[Opening DATASET CONTENT section]

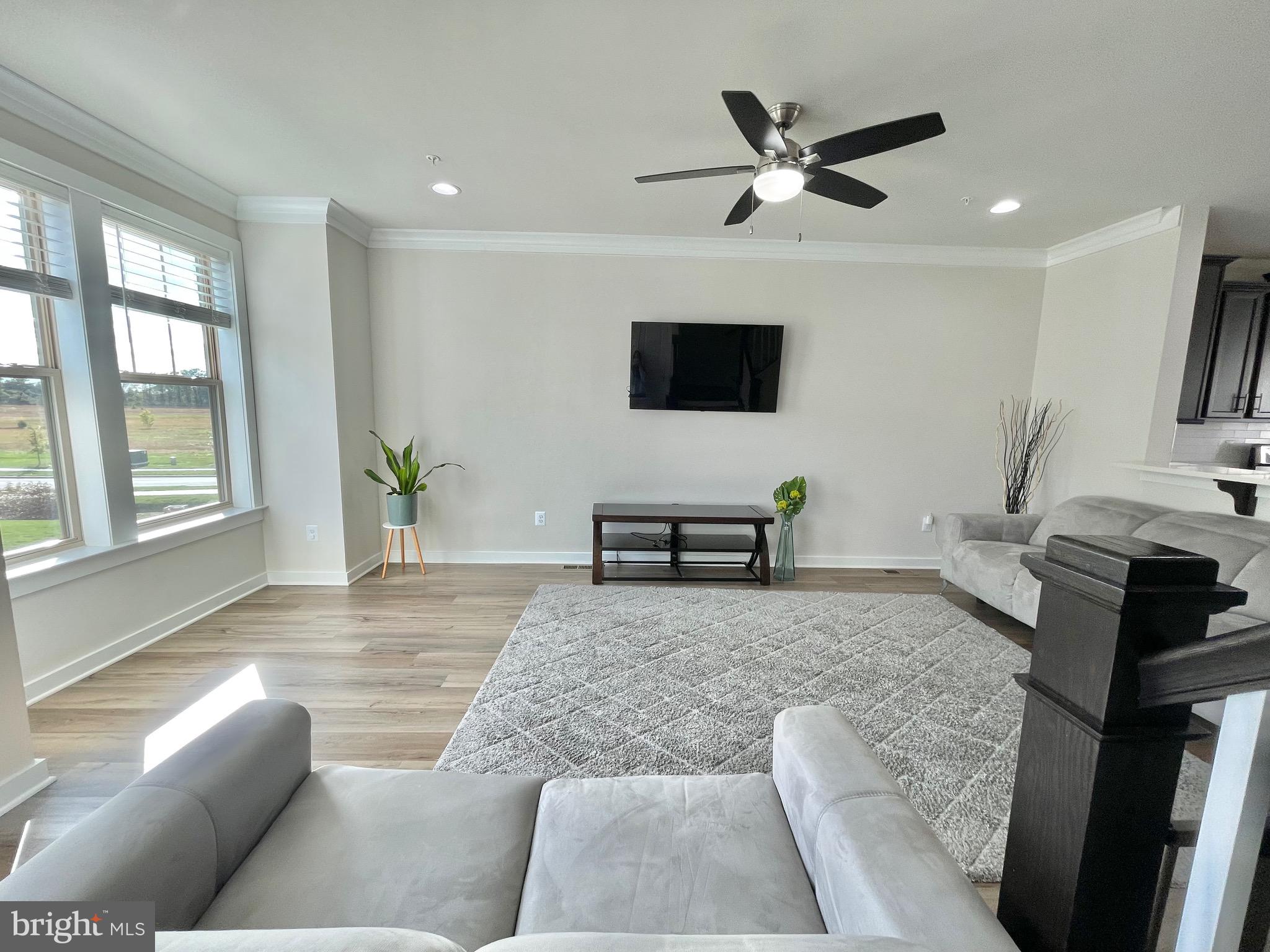 VILLAGES OF URBANA - Residential Lease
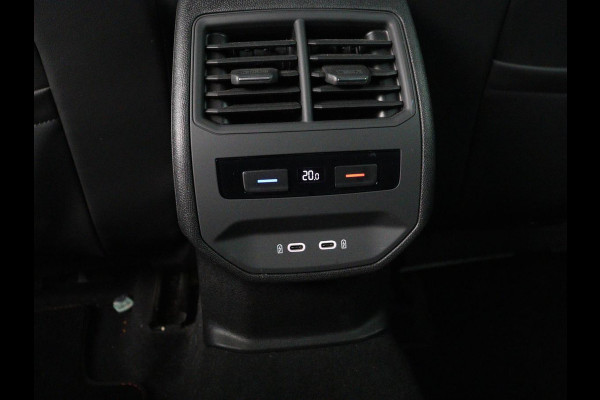 Seat Leon 1.0 TSI FR Launch Edition | Panoramadak | Trekhaak | Stoelverwarming | Camera | Carplay | Navigatie | Sfeerverlichting | Adaptive cruise | Keyless | Full LED | Dodehoek detectie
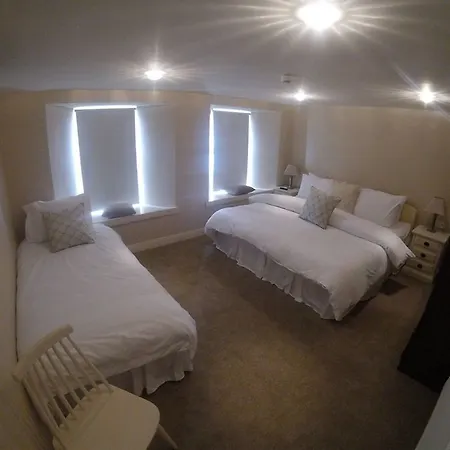 The Townhouse 3* Milltown Malbay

[Closing DATASET CONTENT section]

■ **WORK ORDER**
Exclude all pictures and reproduce verbatim the lines running from the line that contains "Seat Leon 1.0" to the end of the data above, both ends included.

■ **REPLY TO THE EXERCISE**
 Seat Leon 1.0 TSI FR Launch Edition | Panoramadak | Trekhaak | Stoelverwarming | Camera | Carplay | Navigatie | Sfeerverlichting | Adaptive cruise | Keyless | Full LED | Dodehoek detectie
 The Townhouse 3* Milltown Malbay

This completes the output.